The proliferation of the boutique studio facility, while not a new phenomenon, was accelerated by the shift away from major labels being the financial foundation of the studio business, towards indie musicians becoming the focus. In the good old days, a large traditional facility might have had five artists record there that were all on, for instance, Columbia Records. The reality is that the studio didn't have five clients, it had one — the label. That birthed a mentality among large facilities that's been understandably but regrettably difficult to dislodge now that the major labels aren't paying like they used to. Today, nearly every artist is a self-funded client. And just as we're now at the point where we've had an entire consumer generation raised on the notion that music is, to one extent or another, free, we're also in the midst of another generation that sees the music industry not as a monolithic entity with lots of money — a machine that one needs to find a way into and once there everything is taken care of — but as a warren of DIY possibilities where you have to take care of yourself. What if the big legacy studios could become more indie friendly?

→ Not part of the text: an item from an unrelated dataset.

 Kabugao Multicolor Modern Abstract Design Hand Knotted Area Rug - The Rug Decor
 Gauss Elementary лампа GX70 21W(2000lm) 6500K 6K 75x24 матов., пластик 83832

That involves more than adjusting rates (nature seems to taking care of that anyway). Rather, studios could partner with independent musicians within the increasingly dense web of online services that are offered to them (everything from Tunecore to CD Baby to BandsInTown to Taxi). One could take a leaf out of the music conference organiser's book, which offers musicians the slim hope of making some sense out of the Babel of services — and putting together a conference and inviting Ted Cohen to speak has become just about the only reasonably certain way to make money in music.
Next Stop...
If your studio became not only a place to make records but also a kind of refuge that helped to guide independents through this new landscape, you could have a friend, and perhaps a client, for life. One person on staff or allied with the studio that can assemble a reasonably encyclopaedic knowledge of these services, as well as some savvy with social media, could be the 21st Century equivalent of having your own EMI plate 30 years ago.
The things that differentiated large studio facilities for decades can now be had for a few bucks as plug-ins. The real currency of the new music-business landscape is knowledge, not of signal path, but of an industry still looking for workable business models. To riff off of the classic punch line of the studio business these days, you're already running a non-profit organisation — what have you got to lose?